Plastic it's easy to assess the reactivity of plastic in terms of its structure. The more flexible a plastic, the more it is reactive. Thus plastic wrap more quickly exchanges synthetic ions with food than does a flexible milk jug; and the latter is more reactive than a sturdy plastic container. Do not store foods in plastic containers that once contained chemicals. And, it's not advisable to microwave food in plastic.
Incidentally, the poly-vinyl chloride (PVC) typically found in plastic wrap leaches a hormone-disrupting toxin, DEAH, into the surface layers of food. Additionally, PVC contains phthalates which accumulate in body tissues and damage the liver and lungs. Phthalates damage the reproductive organs of test animals. Note that phthalate migration from plastic wrap is increased by mechanical stress (bending, pressure, chewing), solvents such as fats, oils, saliva, and temperatures over 85° F.
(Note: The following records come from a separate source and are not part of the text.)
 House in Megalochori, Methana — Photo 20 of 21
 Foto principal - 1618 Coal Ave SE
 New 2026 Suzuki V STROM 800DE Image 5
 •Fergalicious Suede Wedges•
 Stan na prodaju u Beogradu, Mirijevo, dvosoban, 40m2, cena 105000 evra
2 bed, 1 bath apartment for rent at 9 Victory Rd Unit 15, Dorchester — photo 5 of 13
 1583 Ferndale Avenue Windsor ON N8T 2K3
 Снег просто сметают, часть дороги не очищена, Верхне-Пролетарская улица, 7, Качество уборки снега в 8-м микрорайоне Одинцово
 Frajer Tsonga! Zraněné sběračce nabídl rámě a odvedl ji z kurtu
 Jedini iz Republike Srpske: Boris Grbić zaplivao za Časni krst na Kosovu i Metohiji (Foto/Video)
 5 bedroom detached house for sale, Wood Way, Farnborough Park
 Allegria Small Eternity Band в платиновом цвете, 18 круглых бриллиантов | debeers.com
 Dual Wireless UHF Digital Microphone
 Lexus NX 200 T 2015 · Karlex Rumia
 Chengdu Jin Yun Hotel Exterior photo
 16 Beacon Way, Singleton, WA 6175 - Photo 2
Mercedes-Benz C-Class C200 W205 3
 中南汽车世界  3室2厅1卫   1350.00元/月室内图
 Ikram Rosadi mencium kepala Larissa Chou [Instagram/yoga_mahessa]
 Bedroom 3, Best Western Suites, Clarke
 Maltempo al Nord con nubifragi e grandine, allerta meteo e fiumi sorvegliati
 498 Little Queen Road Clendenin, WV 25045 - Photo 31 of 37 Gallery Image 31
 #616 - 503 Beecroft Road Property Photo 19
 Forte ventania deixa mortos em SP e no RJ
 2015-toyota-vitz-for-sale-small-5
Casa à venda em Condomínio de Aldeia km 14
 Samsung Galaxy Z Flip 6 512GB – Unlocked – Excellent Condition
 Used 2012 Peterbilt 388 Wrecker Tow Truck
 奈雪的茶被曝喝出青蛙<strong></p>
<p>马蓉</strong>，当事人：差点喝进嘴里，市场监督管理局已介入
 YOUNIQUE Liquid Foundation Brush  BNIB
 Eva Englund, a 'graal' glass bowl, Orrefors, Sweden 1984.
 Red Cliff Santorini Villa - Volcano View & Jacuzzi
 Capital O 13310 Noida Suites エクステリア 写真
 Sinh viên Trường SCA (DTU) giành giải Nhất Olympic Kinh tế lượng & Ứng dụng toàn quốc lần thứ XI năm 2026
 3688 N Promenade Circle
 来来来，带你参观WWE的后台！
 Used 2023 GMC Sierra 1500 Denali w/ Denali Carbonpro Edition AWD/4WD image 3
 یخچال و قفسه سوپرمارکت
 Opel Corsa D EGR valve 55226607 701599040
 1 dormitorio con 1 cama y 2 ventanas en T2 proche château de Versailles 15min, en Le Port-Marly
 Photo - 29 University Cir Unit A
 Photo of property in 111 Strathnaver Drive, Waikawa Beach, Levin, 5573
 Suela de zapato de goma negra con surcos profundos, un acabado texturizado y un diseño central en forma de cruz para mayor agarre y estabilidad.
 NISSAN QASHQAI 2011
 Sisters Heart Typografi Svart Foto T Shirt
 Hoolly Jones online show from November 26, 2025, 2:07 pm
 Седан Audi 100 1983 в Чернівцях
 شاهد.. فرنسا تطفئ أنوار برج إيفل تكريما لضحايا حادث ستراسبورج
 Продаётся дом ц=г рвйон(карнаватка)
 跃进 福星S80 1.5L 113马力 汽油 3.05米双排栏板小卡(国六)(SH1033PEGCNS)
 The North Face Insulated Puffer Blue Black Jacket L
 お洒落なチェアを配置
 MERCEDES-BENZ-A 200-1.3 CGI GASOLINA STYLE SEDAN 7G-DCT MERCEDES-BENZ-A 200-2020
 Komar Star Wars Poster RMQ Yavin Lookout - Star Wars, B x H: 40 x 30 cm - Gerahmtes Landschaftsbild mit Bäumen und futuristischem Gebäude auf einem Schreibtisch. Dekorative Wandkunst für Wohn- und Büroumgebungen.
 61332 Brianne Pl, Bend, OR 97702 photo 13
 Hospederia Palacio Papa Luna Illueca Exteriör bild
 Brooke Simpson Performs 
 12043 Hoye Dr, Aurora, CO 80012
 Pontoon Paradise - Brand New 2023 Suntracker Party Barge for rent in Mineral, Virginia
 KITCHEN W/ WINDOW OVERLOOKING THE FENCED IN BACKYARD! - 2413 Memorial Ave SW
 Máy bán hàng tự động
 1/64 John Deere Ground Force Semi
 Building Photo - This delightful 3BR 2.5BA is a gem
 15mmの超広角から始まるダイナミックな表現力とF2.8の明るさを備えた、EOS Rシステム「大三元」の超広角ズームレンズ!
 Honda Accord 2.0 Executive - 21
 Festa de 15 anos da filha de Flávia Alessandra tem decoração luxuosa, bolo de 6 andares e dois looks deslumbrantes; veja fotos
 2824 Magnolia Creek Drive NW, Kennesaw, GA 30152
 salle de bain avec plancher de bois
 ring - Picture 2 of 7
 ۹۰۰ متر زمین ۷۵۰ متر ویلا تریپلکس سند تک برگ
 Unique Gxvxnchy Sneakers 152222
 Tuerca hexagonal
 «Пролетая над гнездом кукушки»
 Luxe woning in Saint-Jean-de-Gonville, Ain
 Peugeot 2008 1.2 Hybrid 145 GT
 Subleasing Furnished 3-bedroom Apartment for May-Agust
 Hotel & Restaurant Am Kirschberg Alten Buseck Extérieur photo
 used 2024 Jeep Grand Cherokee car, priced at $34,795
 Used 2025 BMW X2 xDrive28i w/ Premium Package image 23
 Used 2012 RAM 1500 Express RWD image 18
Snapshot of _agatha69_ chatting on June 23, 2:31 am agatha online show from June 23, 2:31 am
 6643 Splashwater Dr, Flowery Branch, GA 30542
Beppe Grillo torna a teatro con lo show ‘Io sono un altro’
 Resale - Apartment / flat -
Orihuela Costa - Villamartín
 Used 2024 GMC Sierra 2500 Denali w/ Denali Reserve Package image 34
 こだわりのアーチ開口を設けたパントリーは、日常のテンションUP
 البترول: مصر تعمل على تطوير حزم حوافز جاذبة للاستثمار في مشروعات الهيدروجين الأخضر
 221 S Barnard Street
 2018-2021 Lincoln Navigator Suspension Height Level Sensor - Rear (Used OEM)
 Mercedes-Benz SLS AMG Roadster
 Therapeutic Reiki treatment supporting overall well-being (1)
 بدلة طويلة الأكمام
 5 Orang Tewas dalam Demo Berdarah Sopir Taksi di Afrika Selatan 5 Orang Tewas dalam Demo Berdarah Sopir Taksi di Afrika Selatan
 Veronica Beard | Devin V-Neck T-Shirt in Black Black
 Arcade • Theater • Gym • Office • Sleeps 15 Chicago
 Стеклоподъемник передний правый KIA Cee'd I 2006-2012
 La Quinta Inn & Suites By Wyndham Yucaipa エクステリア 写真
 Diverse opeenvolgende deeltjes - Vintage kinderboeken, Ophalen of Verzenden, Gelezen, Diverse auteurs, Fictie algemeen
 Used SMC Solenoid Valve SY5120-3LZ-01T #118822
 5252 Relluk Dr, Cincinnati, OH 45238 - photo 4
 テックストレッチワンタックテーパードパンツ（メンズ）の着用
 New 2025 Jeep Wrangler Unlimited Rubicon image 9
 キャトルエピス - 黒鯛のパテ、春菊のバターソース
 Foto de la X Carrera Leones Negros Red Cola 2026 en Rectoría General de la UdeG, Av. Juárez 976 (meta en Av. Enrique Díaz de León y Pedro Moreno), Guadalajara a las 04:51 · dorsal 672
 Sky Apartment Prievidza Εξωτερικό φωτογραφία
Foods Vary in their Reactivity
Do keep in mind that temperature affects reactivity. When hot, a food reacts more quickly than when it is cold. Thus, refrigeration deters uptake of metal or plastic ions.
Additionally, some foods are more reactive than others. Fat, acidic ingredients and water are more efficient absorbs than are protein and carbohydrates. Thus chicken fat more quickly sops up plastic polymers than does chicken flesh. While raw rice is a slow absorber, when cooked with water, oil, tomatoes and/or vinegar it more speedily uptakes foreign ions. This explains why quality oils, vinegar and wine are sold exclusively in non-reactive glass.
It’s not necessary or expedient to ban all plastic from your kitchen. However, you might explore creative ways to decrease your use of reactive products.  An informed consumer is an empowered consumer. May this information serve you in skillfully upgrading and maintaining a healthy kitchen.